最後の日までバイト先は驚くほど寒かった、雪が降るんじゃないかみたいな天気予報があって、その通り雪が降って、雪が降るほど気温が低くて、元気に動いてるのは野良犬と自動車だけだというのに店内に暖房は一切かかっておらず、店の冷蔵庫を開けるとほのかに温かいという有様だった。ファック。冬に入ってから一度も暖房を付けてない、寒かったらストーブ付けろみたいなこと言われてるし、なんで客に寒い思いさせたまま店員がストーブで暖をとるんだよと思っているし何より灯油のある場所が母を訪ねるぐらい遠くてめんどくさい場所なのでストーブを使わずにいたら帰る直前になってようやく暖房が付いた。これは嫌味というより素直に、夫人が温まりたいという素晴らしい発想から出た錆だ。
栞としていろいろ書いておけば、最後にやった重い仕事は正月の酒使い回しのための運搬および破壊工作で、最後の客は男女の二人連れで4500円ほど買い物していっぱいになった買い物袋を手に女の人が「おい! 荷物! 男! 持つ!」と、明らかに日本人なのにカタコトで命令している客だった。それで一応、おれは言うつもりがなかったんだけど、家族全員から絶対に「お世話になりました」は言えと釘を刺されていたのでまあ言ったんだけど、他のバイトのおっさんやらに挨拶したくとも夜だから帰るときには夫人しかいないし、(お世話になってないけどな!! と念じつつ)お世話になりましたと夫人に言っても客への態度と全然違う疲れた応対でハイハイ、こちらこそ、ハイいらっしゃいませーとかだし、こういう部分がいちいち尊敬できない部分なんだけどそれは結局最後まで治ってなかった。
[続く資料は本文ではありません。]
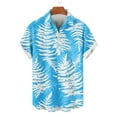 thumbnail image 4 of Cllios Hawaiian Shirt for Men Funny Tropical Print Aloha Tops Quick Dry Cuban Collared Short Sleeve T-shirts Oversized Button Down Bowling Shirts S-4XL, 4 of 6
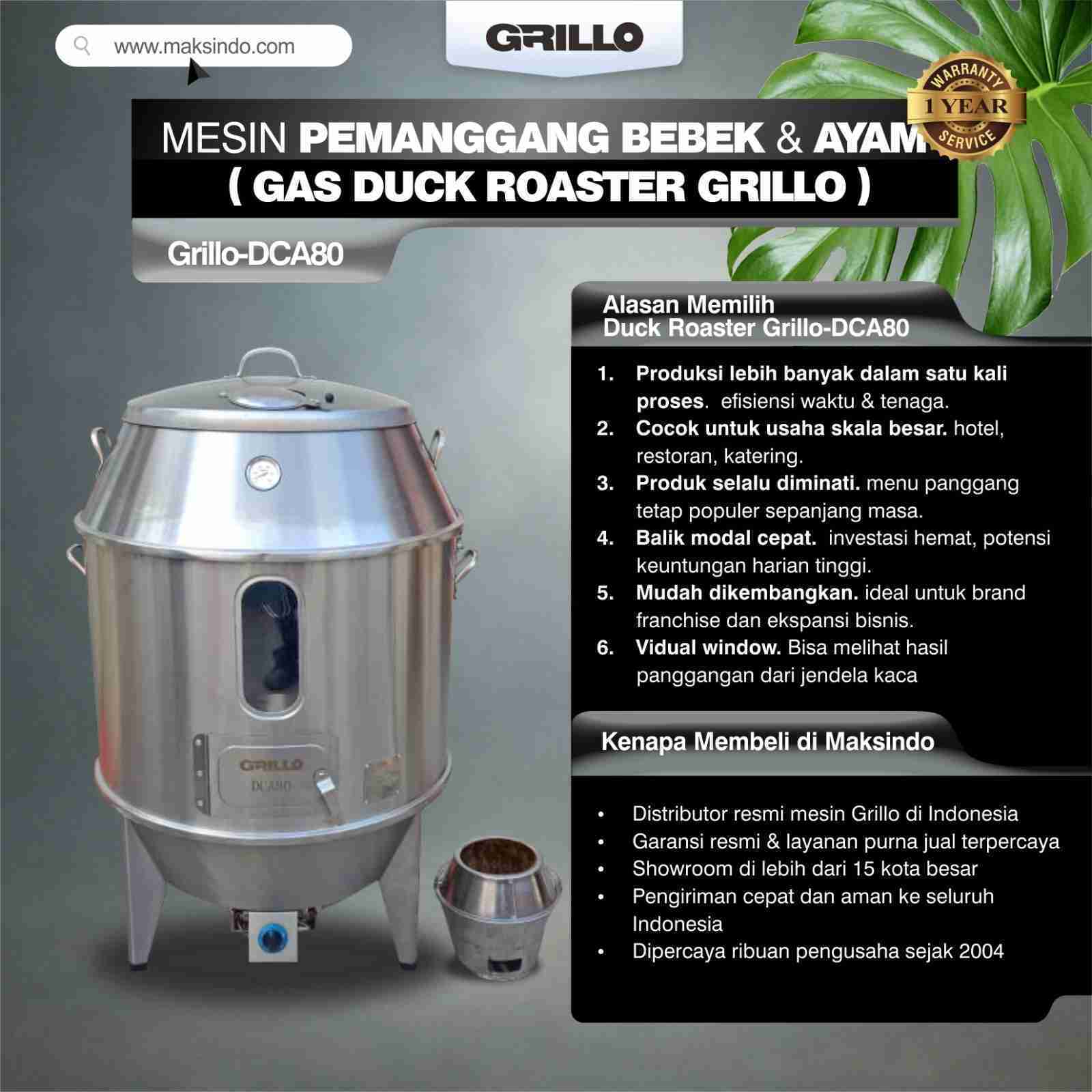 Mesin Gas Duck Roaster Grillo-DCA80 – Panggang Bebek-Ayam - Image 6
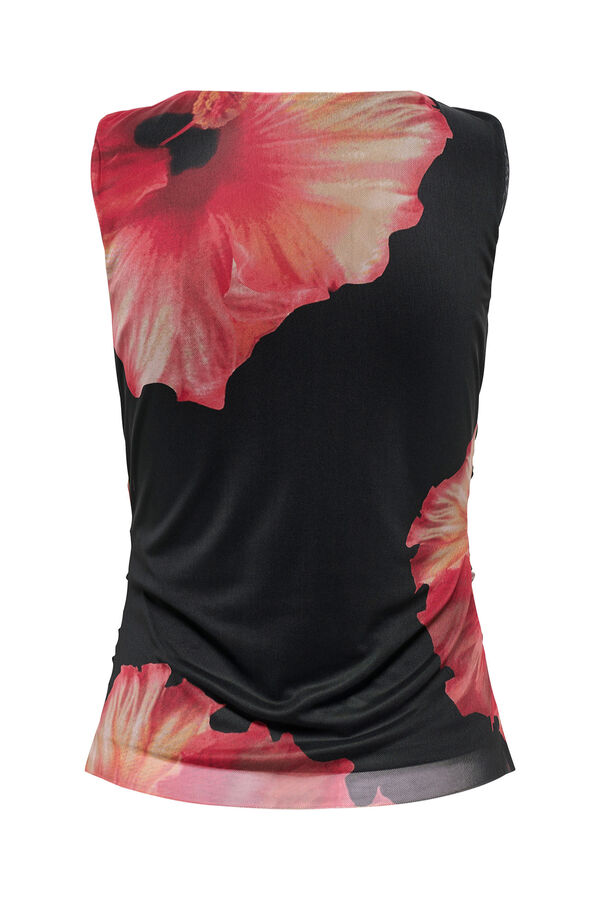 JDY Top sin mangas mesh negro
その他のことと云えば、なんだこの云々の云うが変換されるのはなんだ、その他のことは、朝が来て、またも床で目が覚めた。どうも床で寝ると極端に調子がいいか極端に調子が悪いかの二択を迫られることになるので随分とギャンブルな気がする。しかも床は基本的に温かい方の床なので全体的に身体がほてってるし有閑マダムの気怠い午後みたいな感じ。おれが有閑マダムだと思っていたひとはもう70才なんだそうだ。それで何もしなくても身体がホカホカしてるような状態だったのにも関わらずコーヒー牛乳を飲むと一瞬で身体が冷えて胃が海洋生物のように冷たさでキリキリし始めた。海洋生物って一度しかなったことないからよくわからないけど。しかもこないだ買ったインドのやつ、読み込む際になんかパソコンの中でギュルギュル鳴ってたような記憶があったが、案の定というか期待していない結果として音がバリバリ飛んでたので読み込み直しとかしてるうちにバイトの時間になったのであった。
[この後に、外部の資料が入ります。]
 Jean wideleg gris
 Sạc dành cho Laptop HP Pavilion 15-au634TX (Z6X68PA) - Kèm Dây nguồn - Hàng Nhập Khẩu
バイトが終わってからはしばらくは余韻に、夫人の声や姿をうまく脳内の映像から切り抜いた上で深い余韻に浸り、ポケットに詰め込んできた私物をバラバラ床に落としたりもした。まあ私物と言っても数年前の本生ドラフトの赤ペンセットなんだけど、このうちの一本がひどくツボ押しに向いているのでぜひとも取って来なくてはならないのだった。まあだからペンが赤であるとかそういうことは比較的どうでも良かったし一本だけ抜き取って他は現地に残しておいても良かったんだけどどうせ残しておいても使うのはアイツとアイツに決まってるのでけがされる前に回収しておいたワケだ。ヒィッ、ワケがカタカナになった! ジェーポップの呪いや!
まあしばらくはこれでバイト先に顔を見せることもないので、バイト先で買った菓子なんか食う時も若干感傷的になったが、10分ほどで完全に菓子の甘さが感傷をひねり潰した。それより箱ワインがもうなくなるという事実の方が怖い。